Tag Archives: Tabernacle

Commentary for Pekuei

15 Mar

In this week’s parshah, the Israelites finally finish building the Tabernacle. With this important task now completed, they are ready to set out on their journey to the Promised Land, so the last few verses of the parshah explain to us how they knew when to head out. “When the cloud was raised up from upon the Tabernacle, the Children of Israel would embark on all their journeys. If the cloud did not rise up, they would not embark, until the day it rose up. For the cloud of the Lord would be on the Tabernacle by day, and fire would be on it at night, before the eyes of all of the House of Israel throughout their journeys (Ex. 40:36-38).”

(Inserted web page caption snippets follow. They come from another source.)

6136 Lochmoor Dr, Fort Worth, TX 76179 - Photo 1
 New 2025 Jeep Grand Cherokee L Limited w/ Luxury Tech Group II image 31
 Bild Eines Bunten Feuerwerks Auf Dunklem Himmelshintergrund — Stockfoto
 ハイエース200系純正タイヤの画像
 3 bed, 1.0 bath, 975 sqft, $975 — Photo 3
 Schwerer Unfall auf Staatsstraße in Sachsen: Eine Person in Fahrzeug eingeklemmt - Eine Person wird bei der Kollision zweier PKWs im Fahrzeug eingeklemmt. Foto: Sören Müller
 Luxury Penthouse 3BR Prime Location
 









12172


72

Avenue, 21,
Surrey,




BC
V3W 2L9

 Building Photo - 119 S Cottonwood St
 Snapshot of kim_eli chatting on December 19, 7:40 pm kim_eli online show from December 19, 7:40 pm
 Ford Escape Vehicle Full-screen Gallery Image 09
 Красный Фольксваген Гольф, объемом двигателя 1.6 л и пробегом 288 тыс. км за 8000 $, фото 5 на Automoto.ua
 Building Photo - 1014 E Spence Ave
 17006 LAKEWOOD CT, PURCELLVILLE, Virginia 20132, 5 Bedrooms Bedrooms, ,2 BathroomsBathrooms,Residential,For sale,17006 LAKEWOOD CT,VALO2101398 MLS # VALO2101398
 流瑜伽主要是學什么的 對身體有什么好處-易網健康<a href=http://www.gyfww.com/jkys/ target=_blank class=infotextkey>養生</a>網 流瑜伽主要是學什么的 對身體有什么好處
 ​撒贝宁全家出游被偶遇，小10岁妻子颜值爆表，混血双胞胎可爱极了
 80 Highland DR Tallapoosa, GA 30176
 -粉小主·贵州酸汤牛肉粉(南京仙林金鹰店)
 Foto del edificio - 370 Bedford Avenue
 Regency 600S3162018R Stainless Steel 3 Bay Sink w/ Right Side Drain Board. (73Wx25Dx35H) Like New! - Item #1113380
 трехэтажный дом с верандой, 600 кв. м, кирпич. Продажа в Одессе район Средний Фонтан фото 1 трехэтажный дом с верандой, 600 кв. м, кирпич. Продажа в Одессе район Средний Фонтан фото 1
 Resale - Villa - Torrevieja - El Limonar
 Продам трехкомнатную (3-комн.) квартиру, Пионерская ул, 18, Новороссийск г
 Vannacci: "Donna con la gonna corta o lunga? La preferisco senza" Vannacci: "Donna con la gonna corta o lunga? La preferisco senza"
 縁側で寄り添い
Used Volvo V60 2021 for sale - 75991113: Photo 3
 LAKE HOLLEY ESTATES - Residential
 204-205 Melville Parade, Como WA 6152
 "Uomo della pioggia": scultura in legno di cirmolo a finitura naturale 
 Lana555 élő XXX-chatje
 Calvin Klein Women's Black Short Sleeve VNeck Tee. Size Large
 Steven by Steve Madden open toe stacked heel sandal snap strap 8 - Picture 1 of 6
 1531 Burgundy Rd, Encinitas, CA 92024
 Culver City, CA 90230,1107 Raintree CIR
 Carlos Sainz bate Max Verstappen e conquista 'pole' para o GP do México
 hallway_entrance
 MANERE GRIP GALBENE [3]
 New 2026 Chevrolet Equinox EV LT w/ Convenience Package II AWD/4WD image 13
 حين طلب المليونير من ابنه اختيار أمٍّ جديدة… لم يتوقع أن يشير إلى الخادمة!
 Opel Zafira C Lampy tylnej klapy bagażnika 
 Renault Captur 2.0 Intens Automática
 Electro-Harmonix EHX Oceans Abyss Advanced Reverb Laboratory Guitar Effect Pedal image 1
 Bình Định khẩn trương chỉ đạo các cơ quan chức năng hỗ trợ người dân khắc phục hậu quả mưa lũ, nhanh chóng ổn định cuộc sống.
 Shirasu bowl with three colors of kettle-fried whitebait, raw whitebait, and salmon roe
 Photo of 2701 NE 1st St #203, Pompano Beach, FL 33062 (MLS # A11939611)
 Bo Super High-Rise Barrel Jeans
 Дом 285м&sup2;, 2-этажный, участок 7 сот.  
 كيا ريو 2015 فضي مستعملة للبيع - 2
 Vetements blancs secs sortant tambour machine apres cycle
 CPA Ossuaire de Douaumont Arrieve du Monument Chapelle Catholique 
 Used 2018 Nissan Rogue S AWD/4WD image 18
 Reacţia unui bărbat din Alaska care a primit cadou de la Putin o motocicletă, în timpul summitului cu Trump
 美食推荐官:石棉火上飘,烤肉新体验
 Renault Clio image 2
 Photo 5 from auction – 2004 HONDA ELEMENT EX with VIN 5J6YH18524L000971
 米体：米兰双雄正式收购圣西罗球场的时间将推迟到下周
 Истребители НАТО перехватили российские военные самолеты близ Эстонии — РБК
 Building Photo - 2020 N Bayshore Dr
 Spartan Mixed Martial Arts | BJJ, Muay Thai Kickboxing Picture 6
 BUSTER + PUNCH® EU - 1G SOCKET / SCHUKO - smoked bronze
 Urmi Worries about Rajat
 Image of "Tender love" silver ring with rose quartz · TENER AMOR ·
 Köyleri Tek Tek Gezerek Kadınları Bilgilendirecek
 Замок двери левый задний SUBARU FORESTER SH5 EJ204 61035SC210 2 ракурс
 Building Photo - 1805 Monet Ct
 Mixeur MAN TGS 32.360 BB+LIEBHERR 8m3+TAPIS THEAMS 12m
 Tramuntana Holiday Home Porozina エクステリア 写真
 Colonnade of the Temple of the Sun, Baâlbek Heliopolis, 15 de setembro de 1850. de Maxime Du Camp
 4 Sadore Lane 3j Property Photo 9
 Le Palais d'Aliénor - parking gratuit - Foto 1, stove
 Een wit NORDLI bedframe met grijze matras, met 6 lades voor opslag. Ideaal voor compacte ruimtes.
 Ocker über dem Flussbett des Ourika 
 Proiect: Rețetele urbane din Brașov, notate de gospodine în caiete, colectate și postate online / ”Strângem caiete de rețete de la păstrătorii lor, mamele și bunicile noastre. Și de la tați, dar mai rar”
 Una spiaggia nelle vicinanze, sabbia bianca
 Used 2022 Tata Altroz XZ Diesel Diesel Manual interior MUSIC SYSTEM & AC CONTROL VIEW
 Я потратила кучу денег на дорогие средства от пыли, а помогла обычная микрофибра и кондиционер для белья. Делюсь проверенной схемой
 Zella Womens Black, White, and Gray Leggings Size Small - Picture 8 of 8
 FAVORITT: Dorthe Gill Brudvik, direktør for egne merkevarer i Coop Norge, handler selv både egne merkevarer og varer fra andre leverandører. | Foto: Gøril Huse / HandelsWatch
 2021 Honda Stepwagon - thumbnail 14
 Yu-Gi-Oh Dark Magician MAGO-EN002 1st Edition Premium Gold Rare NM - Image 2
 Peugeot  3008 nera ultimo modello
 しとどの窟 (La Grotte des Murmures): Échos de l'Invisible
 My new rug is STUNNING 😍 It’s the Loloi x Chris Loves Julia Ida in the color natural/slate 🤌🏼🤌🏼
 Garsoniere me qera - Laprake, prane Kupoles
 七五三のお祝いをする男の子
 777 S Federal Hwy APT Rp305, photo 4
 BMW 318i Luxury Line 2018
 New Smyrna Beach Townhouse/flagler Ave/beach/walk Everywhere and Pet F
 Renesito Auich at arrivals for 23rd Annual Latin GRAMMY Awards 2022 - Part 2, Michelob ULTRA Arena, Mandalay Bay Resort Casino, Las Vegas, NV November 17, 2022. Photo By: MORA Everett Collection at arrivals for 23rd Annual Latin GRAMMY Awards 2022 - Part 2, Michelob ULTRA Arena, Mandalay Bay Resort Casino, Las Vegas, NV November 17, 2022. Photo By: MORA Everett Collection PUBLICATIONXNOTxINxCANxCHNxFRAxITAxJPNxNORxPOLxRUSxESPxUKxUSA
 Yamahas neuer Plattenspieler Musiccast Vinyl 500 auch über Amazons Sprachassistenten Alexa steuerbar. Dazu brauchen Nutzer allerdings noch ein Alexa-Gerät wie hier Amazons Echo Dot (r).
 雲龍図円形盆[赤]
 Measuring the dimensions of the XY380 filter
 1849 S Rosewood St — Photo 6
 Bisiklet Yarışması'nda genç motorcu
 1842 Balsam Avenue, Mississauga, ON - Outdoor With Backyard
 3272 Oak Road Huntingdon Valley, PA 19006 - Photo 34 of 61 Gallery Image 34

This information leads us to an interesting question: If God can make these clearly supernatural occurrences to both guide the Israelites and remind them of God’s presence among them, then why instruct them to build the Tabernacle in the first place? Why not just build some altars and do the required daily sacrifices in front of this thick and impossibly low-hanging cloud or in front of the big floating fire in the sky? Surely such clearly supernatural phenomena would do a better job of focusing the people on our omnipotent God than a bunch of man-made tents and implements would.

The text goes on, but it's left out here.